## [Exercise objective]
What is needed is an exact reproduction of the listing, without its pictures.

## [Data provided]
————

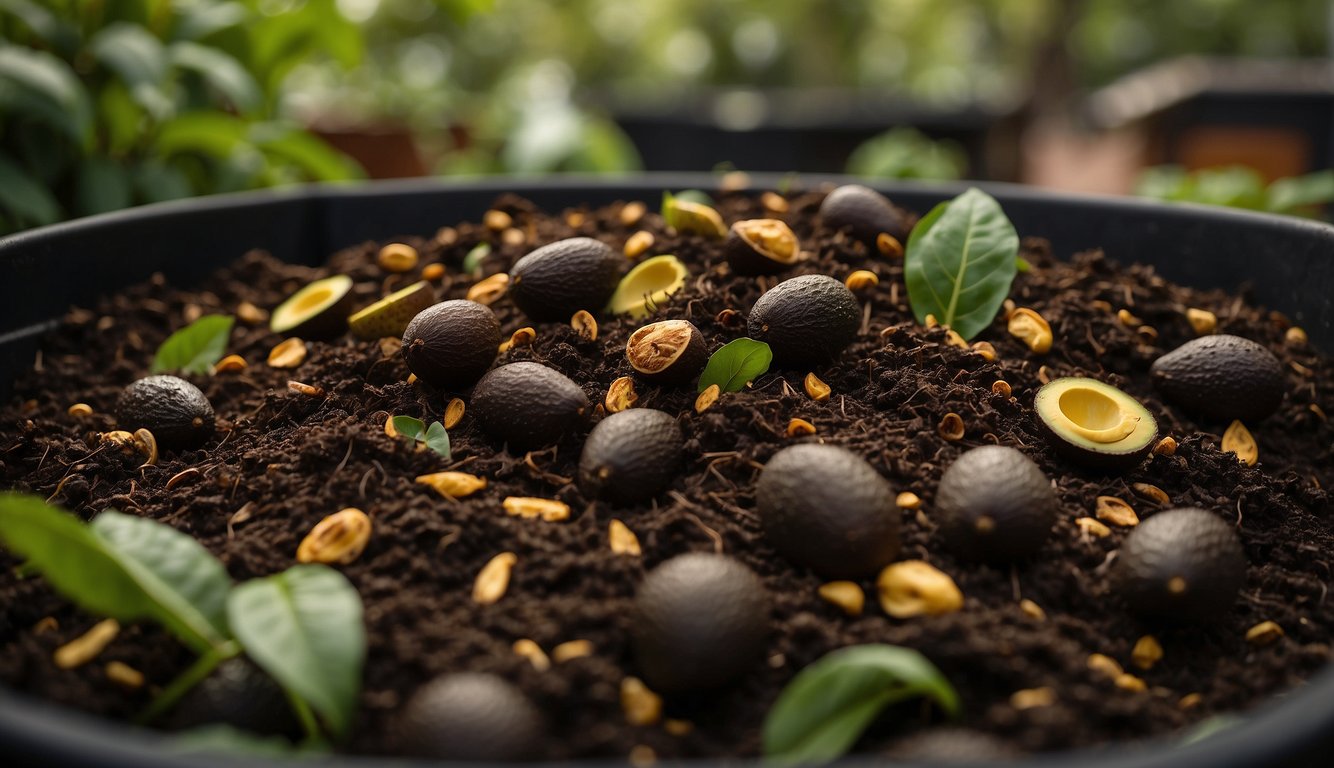 A pile of avocado pits and organic waste decomposing in a compost bin, surrounded by rich, dark soil and vibrant green plants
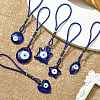 Evil Eye Lampwork Pendant Decorations HJEW-JM01274-2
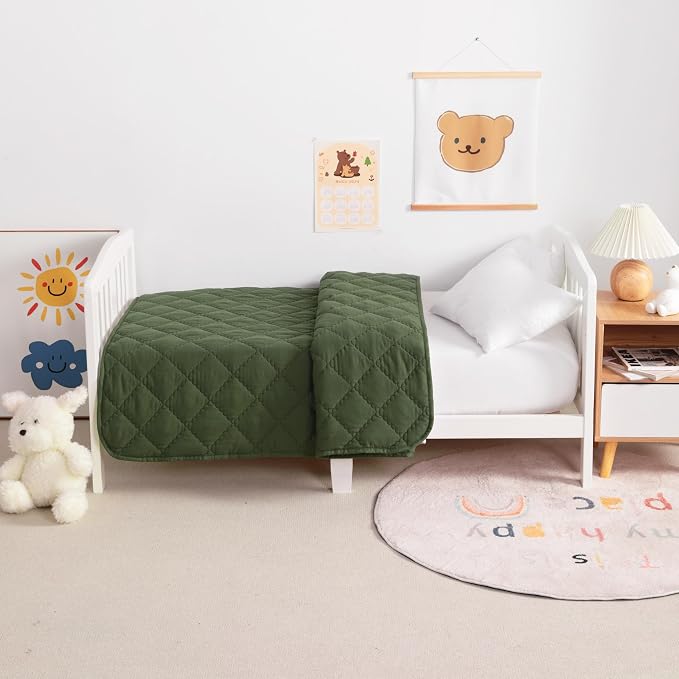 NTBAY Down Alternative Toddler Comforter, Lightweight and Warm Solid Color Baby - Image 4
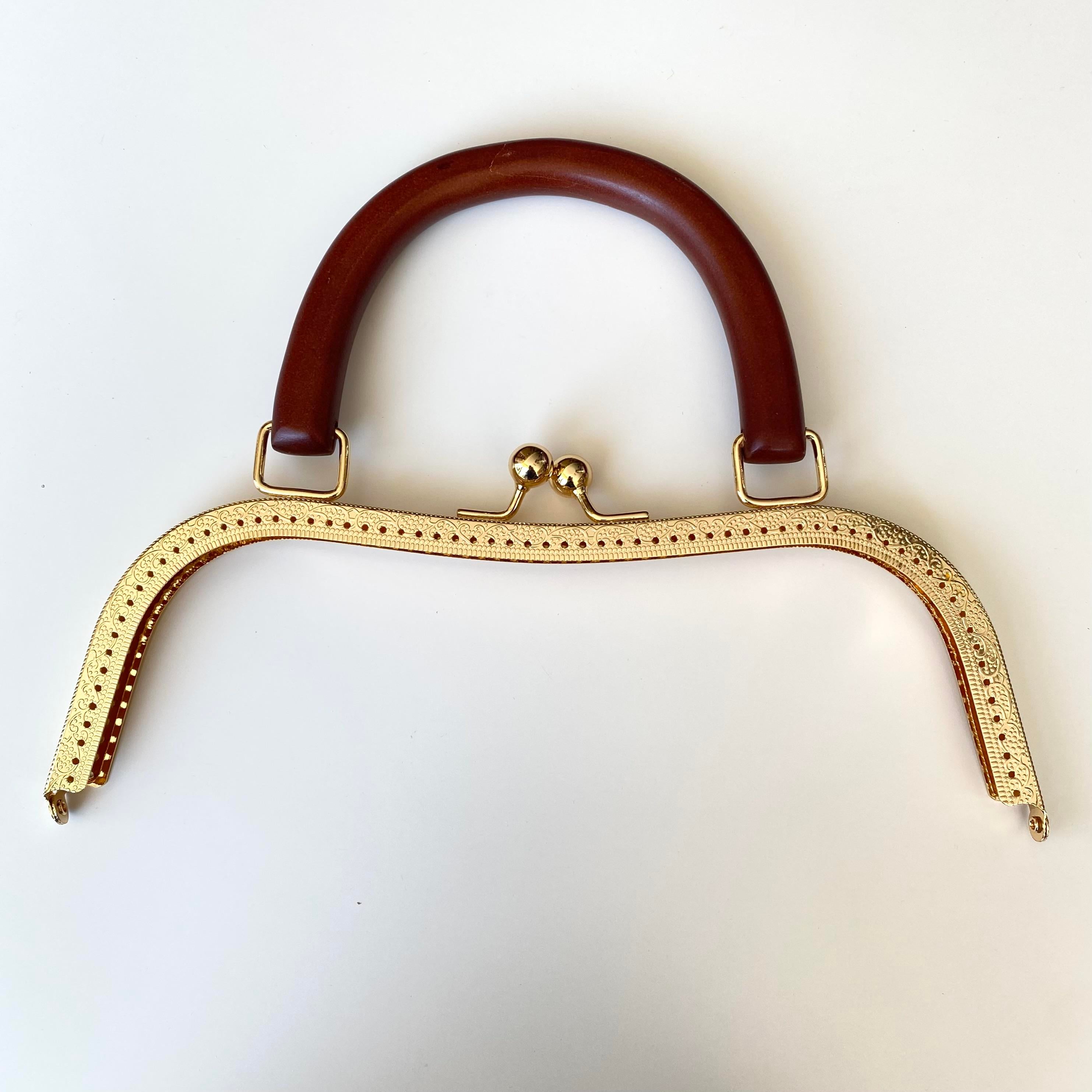 Çanta Bursu - Çanta Klipsi Masif Ahşap Saplı Altın Renk 27 Cm BA-0092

————

## [Answer area]
 A pile of avocado pits and organic waste decomposing in a compost bin, surrounded by rich, dark soil and vibrant green plants
 Evil Eye Lampwork Pendant Decorations HJEW-JM01274-2
 NTBAY Down Alternative Toddler Comforter, Lightweight and Warm Solid Color Baby - Image 4
 Çanta Bursu - Çanta Klipsi Masif Ahşap Saplı Altın Renk 27 Cm BA-0092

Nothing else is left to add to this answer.